• **Exercise objective**: Repeat the lines from the line with "- 14:00 Uhr beim Berghaus Palfries" to the line with "1108 NE 16th" in the listing below, keeping both end lines and adding nothing.

Dataset records: Begin

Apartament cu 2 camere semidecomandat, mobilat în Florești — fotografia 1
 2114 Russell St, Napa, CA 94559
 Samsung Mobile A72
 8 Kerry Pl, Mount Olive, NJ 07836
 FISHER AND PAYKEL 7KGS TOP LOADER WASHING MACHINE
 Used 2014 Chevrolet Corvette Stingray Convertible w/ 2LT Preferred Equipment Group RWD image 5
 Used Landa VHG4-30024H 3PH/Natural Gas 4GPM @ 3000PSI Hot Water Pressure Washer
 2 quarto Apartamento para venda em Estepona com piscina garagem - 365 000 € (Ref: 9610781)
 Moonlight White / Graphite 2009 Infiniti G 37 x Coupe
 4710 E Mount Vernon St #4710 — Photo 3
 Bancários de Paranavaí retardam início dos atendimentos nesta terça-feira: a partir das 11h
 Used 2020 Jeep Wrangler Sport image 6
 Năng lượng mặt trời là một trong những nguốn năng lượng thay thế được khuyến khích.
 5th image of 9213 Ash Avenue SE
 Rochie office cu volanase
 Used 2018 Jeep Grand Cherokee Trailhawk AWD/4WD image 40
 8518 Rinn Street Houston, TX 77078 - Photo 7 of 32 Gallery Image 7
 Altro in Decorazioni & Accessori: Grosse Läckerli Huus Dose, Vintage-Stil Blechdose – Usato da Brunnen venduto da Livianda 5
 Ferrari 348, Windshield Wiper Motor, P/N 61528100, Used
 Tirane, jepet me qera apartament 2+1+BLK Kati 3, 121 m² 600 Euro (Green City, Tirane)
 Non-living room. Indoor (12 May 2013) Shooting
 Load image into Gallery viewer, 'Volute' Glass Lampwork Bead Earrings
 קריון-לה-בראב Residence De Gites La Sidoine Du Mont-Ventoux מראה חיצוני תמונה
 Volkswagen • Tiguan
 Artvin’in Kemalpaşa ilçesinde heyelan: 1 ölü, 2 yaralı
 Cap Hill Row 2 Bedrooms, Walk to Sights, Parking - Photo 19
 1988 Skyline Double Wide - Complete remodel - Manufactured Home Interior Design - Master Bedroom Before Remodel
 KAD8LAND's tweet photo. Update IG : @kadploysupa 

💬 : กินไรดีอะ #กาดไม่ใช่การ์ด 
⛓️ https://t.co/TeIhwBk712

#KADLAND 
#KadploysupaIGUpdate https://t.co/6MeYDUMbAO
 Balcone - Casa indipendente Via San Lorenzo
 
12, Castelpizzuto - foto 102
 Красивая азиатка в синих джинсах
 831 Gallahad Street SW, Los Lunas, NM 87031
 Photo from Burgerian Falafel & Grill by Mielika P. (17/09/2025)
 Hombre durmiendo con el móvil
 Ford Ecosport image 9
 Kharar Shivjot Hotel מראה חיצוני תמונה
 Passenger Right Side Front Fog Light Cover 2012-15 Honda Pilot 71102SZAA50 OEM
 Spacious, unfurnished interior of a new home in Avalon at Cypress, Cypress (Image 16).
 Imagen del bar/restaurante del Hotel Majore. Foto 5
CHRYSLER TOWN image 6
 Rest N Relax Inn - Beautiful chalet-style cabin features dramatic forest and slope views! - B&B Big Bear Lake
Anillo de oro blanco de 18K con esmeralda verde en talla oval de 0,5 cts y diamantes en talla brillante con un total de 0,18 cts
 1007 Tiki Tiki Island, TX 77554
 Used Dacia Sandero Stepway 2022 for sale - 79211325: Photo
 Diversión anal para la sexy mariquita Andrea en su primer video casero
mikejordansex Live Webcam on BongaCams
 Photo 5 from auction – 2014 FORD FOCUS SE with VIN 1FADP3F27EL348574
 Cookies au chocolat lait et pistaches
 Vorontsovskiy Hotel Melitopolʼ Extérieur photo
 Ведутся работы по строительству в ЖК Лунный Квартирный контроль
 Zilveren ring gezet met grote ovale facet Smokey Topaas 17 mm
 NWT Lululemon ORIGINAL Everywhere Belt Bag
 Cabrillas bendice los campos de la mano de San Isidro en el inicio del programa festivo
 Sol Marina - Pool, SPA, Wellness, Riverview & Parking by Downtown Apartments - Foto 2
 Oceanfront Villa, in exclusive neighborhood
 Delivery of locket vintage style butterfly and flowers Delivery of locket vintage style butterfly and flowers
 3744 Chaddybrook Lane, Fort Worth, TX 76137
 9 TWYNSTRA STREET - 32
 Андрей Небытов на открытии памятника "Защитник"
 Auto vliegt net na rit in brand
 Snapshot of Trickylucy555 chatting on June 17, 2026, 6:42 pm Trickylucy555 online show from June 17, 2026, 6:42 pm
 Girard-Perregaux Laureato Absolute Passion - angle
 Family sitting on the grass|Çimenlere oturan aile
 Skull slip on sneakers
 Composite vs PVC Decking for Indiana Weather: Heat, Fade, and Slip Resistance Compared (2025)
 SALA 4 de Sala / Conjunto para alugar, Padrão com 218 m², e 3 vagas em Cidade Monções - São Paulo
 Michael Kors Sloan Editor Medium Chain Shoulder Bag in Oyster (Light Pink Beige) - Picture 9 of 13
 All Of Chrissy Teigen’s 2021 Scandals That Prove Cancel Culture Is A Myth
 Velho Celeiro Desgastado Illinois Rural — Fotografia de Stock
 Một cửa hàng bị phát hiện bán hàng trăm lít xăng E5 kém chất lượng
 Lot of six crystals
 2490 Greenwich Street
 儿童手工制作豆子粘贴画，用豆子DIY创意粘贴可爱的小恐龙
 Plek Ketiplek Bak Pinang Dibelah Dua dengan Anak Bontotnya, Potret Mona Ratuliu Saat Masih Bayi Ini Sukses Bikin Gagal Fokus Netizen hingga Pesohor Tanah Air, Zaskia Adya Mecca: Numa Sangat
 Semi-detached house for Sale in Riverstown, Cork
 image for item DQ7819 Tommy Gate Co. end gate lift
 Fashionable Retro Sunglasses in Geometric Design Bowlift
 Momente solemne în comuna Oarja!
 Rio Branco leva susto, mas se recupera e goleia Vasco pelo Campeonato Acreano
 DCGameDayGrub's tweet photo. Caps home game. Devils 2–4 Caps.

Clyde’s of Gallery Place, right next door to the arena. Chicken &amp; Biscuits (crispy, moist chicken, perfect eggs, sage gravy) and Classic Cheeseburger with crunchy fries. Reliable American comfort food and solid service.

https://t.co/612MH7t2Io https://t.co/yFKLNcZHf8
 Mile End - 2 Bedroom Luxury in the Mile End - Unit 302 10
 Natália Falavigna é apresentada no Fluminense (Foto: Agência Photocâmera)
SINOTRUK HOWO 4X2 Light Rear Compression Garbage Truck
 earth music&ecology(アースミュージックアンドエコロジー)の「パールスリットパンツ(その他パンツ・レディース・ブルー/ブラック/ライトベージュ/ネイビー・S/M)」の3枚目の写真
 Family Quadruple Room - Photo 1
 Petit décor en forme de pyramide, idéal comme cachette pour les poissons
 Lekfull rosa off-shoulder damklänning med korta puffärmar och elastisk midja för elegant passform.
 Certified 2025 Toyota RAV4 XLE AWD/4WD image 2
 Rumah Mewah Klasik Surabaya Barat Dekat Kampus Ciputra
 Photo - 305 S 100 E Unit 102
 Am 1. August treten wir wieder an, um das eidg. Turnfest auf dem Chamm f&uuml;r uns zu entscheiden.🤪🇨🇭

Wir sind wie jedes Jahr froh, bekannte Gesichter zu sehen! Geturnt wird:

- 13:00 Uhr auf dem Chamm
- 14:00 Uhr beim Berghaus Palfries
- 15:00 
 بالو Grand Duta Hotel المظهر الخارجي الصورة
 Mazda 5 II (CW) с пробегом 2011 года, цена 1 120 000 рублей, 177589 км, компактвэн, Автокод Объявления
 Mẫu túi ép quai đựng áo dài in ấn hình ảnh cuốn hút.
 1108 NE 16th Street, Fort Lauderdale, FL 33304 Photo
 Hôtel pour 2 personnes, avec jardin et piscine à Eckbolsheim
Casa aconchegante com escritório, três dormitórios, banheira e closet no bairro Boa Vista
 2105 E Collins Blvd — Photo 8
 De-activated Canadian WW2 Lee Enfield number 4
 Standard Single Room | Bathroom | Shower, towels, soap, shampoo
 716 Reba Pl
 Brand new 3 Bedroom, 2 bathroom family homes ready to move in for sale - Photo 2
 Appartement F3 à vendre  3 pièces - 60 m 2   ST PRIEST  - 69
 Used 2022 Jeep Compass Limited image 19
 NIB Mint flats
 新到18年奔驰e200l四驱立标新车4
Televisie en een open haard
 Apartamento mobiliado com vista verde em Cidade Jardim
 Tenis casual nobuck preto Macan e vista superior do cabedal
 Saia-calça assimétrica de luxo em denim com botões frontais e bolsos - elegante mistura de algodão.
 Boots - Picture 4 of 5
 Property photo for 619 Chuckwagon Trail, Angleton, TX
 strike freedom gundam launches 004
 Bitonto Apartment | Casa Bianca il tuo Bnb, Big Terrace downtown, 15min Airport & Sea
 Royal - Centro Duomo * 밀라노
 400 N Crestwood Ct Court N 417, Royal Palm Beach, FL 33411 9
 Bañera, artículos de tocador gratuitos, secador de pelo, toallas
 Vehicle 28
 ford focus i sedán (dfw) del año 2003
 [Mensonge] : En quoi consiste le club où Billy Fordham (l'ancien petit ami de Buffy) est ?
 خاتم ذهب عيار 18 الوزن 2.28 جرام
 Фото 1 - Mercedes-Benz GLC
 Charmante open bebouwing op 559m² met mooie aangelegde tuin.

Dataset records: End

• **Solution**:
- 14:00 Uhr beim Berghaus Palfries
- 15:00 
 بالو Grand Duta Hotel المظهر الخارجي الصورة
 Mazda 5 II (CW) с пробегом 2011 года, цена 1 120 000 рублей, 177589 км, компактвэн, Автокод Объявления
 Mẫu túi ép quai đựng áo dài in ấn hình ảnh cuốn hút.
 1108 NE 16th Street, Fort Lauderdale, FL 33304 Photo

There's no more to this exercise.